エルミタ的速攻撮って出しレビュー Vol.1091
2021.12.31 更新
文:撮影・松枝 清顕(解説)/ 検証セッション・池西 樹
虎徹MarkⅡから大きな変更点は見当たらないものの、まずは外観デザインを眺めてみよう。エッジの鋭い放熱フィンで構成されたヒートシンクに、ワイヤークリップでKAZE FLEX II 120を固定。受熱ベースから伸びるヒートパイプがヒートシンクを貫通した構造は、奇をてらわないサイドフロー型CPUクーラーのスタイルだ。
真正面から観察すると、KAZE FLEX II 120はヒートシンク全体をカバー。側面からまんべんなく風が当たる設計は、放熱フィン全体に良好なエアフローをもたらす事を意味する。

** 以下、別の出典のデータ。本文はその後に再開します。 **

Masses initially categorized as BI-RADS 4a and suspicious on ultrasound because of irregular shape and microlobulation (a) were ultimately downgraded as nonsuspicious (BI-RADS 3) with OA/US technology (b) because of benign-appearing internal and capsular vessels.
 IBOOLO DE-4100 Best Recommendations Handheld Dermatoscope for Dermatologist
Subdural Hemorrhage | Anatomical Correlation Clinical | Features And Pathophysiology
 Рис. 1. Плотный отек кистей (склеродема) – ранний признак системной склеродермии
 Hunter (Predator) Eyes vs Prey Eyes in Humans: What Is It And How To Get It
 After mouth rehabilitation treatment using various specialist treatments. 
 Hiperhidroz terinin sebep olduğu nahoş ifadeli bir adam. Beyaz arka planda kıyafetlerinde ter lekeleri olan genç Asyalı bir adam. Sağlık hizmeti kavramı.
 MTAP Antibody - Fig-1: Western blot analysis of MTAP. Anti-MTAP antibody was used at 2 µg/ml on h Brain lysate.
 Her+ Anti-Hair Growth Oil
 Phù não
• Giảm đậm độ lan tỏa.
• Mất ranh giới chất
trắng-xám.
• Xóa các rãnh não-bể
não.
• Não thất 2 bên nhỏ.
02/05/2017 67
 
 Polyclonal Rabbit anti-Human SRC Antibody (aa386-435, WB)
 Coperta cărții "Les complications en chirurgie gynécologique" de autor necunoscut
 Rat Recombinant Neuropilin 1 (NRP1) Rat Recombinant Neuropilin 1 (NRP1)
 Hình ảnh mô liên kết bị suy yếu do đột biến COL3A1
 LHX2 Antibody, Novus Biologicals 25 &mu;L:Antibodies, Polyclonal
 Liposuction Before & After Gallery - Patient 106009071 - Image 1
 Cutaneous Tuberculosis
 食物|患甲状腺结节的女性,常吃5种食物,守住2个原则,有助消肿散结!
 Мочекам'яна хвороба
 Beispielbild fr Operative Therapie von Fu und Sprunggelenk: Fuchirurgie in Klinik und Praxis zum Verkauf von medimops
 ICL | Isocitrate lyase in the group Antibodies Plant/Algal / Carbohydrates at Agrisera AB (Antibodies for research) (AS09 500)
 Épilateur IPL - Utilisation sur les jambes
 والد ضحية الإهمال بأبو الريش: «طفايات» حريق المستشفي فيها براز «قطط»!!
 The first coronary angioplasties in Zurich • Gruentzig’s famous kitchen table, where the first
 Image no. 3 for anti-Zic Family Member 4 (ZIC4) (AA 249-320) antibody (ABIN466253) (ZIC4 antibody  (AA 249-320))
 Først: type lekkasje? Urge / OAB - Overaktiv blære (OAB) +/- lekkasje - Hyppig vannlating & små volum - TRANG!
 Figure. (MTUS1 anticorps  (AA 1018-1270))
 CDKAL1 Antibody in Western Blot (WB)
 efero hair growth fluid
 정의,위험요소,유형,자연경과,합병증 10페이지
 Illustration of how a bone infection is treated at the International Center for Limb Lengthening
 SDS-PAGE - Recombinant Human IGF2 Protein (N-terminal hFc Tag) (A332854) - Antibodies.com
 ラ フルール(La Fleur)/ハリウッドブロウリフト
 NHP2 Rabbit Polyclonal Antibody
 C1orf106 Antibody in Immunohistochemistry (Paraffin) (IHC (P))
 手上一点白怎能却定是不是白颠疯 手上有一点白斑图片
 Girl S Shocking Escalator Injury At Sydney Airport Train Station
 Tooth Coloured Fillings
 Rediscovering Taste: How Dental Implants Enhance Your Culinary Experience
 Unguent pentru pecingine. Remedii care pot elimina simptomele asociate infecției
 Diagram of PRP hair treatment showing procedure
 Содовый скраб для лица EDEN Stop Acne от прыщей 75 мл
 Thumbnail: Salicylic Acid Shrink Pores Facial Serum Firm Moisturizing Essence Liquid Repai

あらためて全景を見ると、虎徹MarkⅡ Rev.Bは大きすぎず、小さすぎない。全高154mmはほとんどのミドルタワーPCケースに収める事ができるだろうし、重量もヘビー級CPUクーラーの半分程度。実際に手に持つと思いの外軽く、マザーボードにも優しい冷却機器と言えよう。後述するネジ留めのリテンションも手伝って、輸送時にトラブルが起こる確率は低く、BTOのカスタマイズにも向く製品ではないだろうか。
サイズオリジナルCPUクーラーの特徴である、エッジの鋭い放熱フィン。虎徹MarkⅡ Rev.Bでも、「M.A.P.S」(Multiple Airflow Pass-through Structure)ナロータイプフィン構造を採用。形状が異なる2枚のフィンを組み合わせ、冷却ファンの風を効率良く吸い込む事ができる。
多重エアフロー透過構造を採用するヒートシンク。合計56枚で構成され、見た目にも仕上がりは美しい |
トップカバー(プレート)中央にはサイズのロゴマークがあしらわれている |
引き続き冷却ファンを取り外した状態で、虎徹MarkⅡ Rev.Bのヒートシンク構造および設計について、掘り下げて行こう。
設計面での主たるコンセプトは、隣接するメモリスロットにはみ出さない干渉回避型デザインだ。58mmという幅の狭いフィン設計「ナロータイプフィン構造」により、大型ヒートスプレッダを搭載する、ハイエンド志向のメモリとの干渉を回避している。
さらにヒートシンク自体をやや後方にずらす「オフセット設計」により、冷却ファンマウント位置とメモリスロットを共存させる事に成功している。加えて受熱ベースプレートの位置も、本体中心からオフセットすることでグラフィックスカードとの物理干渉の”可能性を低減”させているのも大きな特徴といえよう。